In February 1979, on a dreary Tuesday night in Covent Garden — post punk, and amid the death rattle of disco — a new kind of club was born that fast became an incubator for a group of budding creatives. The club was the Blitz and it was to be the setting for a cultural earthquake that defined how the 1980s looked, sounded and felt. For 18 raucous months Tuesdays belonged to the flamboyant few. From 10 p.m. the pedestrian wine bar patrons were ushered out as Rusty Egan, the former Rich Kids drummer, began blasting out Teutonic electronica.

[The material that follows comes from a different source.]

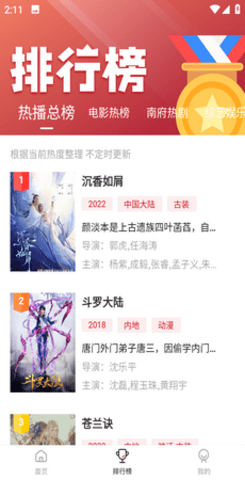 20220928113306724.png 1 (2).png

Before the Blitz there was Billy’s on Meard Street in Soho. Egan and Steve Strange first teamed up for an epic house party, and from that sprang the idea for a David Bowie‑focused club night. The crowd at Billy’s were glam and androgynous, attracting Bananarama’s Siobhan Fahey, as well as Kemp and his brother, Gary, who were brought there by their friend Steve Dagger, the Spandau manager-in-waiting. “The flyer said something like ‘Jump aboard the night train: Bowie night’,” Gary remembers. “Steve Strange was on the door dressed in the wildest thing I had ever seen — he looked like a Cossack with a quiff. He liked the look of us and we got in.” This was not a given, considering Strange’s exacting standards of style-gatekeeping and his penchant for withering put-downs.

Three months in, the promoters were forced to leave the venue after its owners demanded more money. Egan went to Berlin and Dusseldorf “in search of Kraftwerk and anything coming out of that area”. Returning to London three months later, armed with “new wave and electronic records”, he, along with Strange, opened the Blitz, tucked away at 4 Great Queen Street in what was then a ghost town at night. “All of Covent Garden was planned to be demolished, but we wanted to be in the center of town,” says the broadcaster Robert Elms, whose Blitz memoir debuts this month. “It’s where we had our clubs, shops and parties.”
A Second World War-themed wine bar, with red‑and‑white tablecloths and candles in bottles, didn’t scream cultural game-changer. Yet, for Martin Kemp, “it felt like someone in 1979 had flicked on the color switch of life”. The costume designer Michele Clapton recalls thinking: “This is the most amazing place ever, because I wasn’t the only weirdo. I had found my tribe.” The “tribe” included many who would go on to lead in art, design, music and fashion throughout the Eighties, Nineties and beyond, earning them the revered moniker the Blitz Kids. Launching three months before Thatcher became prime minister, Blitz was a lifeline for Britain’s disaffected 17 to 21‑year‑olds. Boy George — then still George O’Dowd — held cloakroom duties, where he confessed to pilfering from people’s pockets.
Before him, Princess Julia had the gig. “It was Steve’s way of making me be there weekly, but it meant a bit of extra money and you got your tea made as well.” That didn’t last long; “I got really drunk one night and vomited in there. I got fired and George took over.”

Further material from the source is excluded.